Signed-off-by: Martin Schwenke <martin at meltin.net>
Reviewed-by: Amitay Isaacs <amitay at gmail.com>
Autobuild-User(master): Amitay Isaacs <amitay at samba.org>
Autobuild-Date(master): Wed Feb 19 04:07:12 CET 2014 on sn-devel-104
commit d4298e9e9dd4cc2a9a79f895e00477e802b2e052
Author: Martin Schwenke <martin at meltin.net>
Date: Mon Feb 17 11:32:15 2014 +1100
ctdb-tests: Improvements to tests INSTALL script
* Should stop on 1st error
* Fix up value of CTDB_TESTS_ARE_INSTALLED
* Improve fixing of broken symlinks in INSTALL
This is all of the links in tests/eventscript/etc-ctdb/ so no need
to list them. Just find and fix them.
Signed-off-by: Martin Schwenke <martin at meltin.net>
Reviewed-by: Amitay Isaacs <amitay at gmail.com>
commit 24b734f084de36160d065dc639100eab3b186f6c
Author: Martin Schwenke <martin at meltin.net>
Date: Fri Feb 7 17:32:12 2014 +1100
ctdb-recoverd: LCP2 cleanups
* Remove unnecessary candimbl parameter.
This parameter can be cheaply calculated in
lcp2_failback_candidate(). The compiler will probably do an
excellent job optimising it. :-)
* Clarify a debug statement
This is much clearer than doing a complex recalculation of a known
value.
Signed-off-by: Martin Schwenke <martin at meltin.net>
Reviewed-by: Amitay Isaacs <amitay at gmail.com>
commit 9e5ef44f32fad6606bd95e619f0720a72344e441
Author: Martin Schwenke <martin at meltin.net>
Date: Fri Feb 7 14:28:54 2014 +1100
ctdb-recoverd: Optimise check for rebalance candidates in LCP2
Currently this can be checked many times.
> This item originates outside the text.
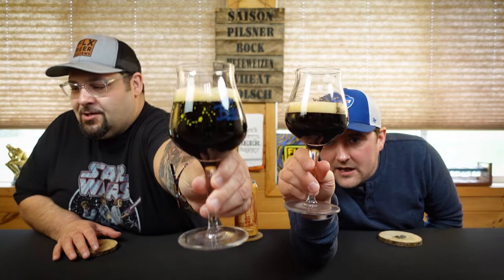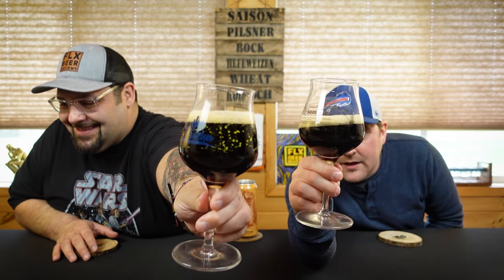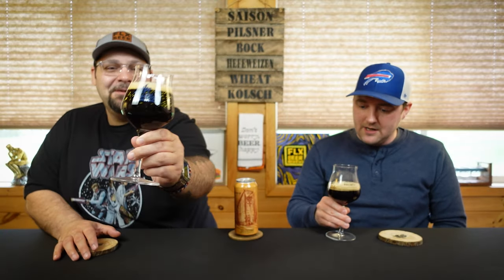When that poured, that looked — even when you swirl it, you get that nice tootsie roll brown. A little bit of red. I have hashtag proper glassware; Mike does not — he set me up for failure. But it's very, very dark, with a nice tan head. How white is the head, though? It's gorgeous.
However, there's no point
calling the rebalance/failback code at all if there are no rebalance
candidates.
Signed-off-by: Martin Schwenke <martin at meltin.net>
Reviewed-by: Amitay Isaacs <amitay at gmail.com>
commit 2532149f8f9bbe6d3c8f5ac6e5e4bc2ad1681e27
Author: Martin Schwenke <martin at meltin.net>
Date: Fri Feb 7 17:37:00 2014 +1100
ctdb-scripts: Enhancements to hung script debugging
* Add stack dumps for "interesting" processes that sometimes get
stuck, so try to print stack traces for them if they appear in the
pstree output.
* Add new configuration variables CTDB_DEBUG_HUNG_SCRIPT_LOGFILE and
CTDB_DEBUG_HUNG_SCRIPT_STACKPAT. These are primarily for testing
but the latter may be useful for live debugging.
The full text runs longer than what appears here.